Preparation of Layered Structure MnO2/CNTs Composites for High-Performance Salt Removal by Hybrid Capacitive Deionization

Capacity deionization (CDI), which combines capacitive carbon electrodes and redox-active electrodes, has emerged as a promising method for water desalination. It enables higher ion removal capacity than CDI-containing carbonaceous electrodes. Our work aimed to synthesize layered structure δ-MnO2/CNTs composites via the sol-gel method, examining their suitability for hybrid capacitive deionization (HCDI).
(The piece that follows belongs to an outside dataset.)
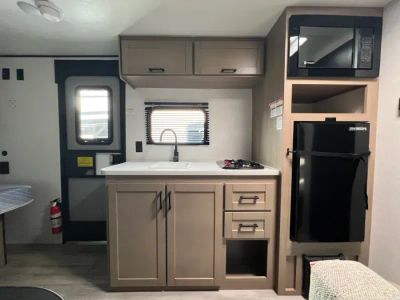 2026 Jayco PROWLER LYNX — engine compartment view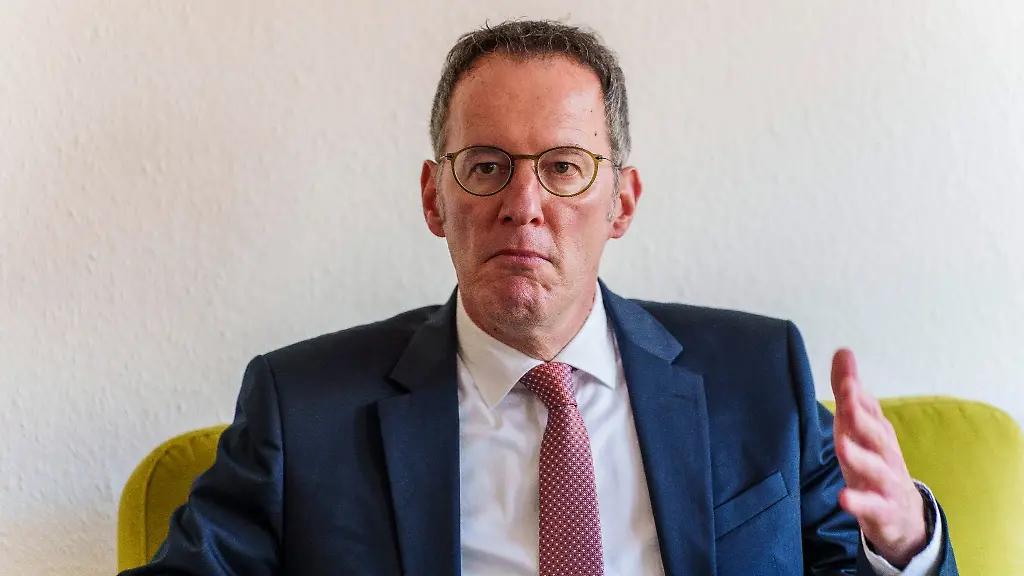 Michael-Ebling-SPD-Innenminister-von-Rheinland-Pfalz-sitzt-beim-dpa-Interview-auf-dem-Gruenen-Sofa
The XRD results showed a layered structure birnessite for all composites with a distance interlayer over 7.0 Å, while the SEM images confirmed the intercopration of MnO2 particles and CNT fibers. The electrochemical evaluations evidenced the role of CNTs in enhancing the charge transfer and ionic diffusion in composites. Composite δ-MnO2/CNTs presented a specific capacitance of 160 F g−1 at a charge-discharge rate of 1 A g-1 upon 1600 cycles. In salt removal performance, the asymmetric cell AC||δ-MnO2/CNTs-1 showed the highest salt adsorption capacity (SAC) of 30.2 mg g−1 and fast average salt adsorption rate (ASAR) of 3 mg g−1 s−1 under a constant applied potential 1.4 V in 200 ppm NaCl, rendering it a promising candidate for efficient and sustainable desalination technology.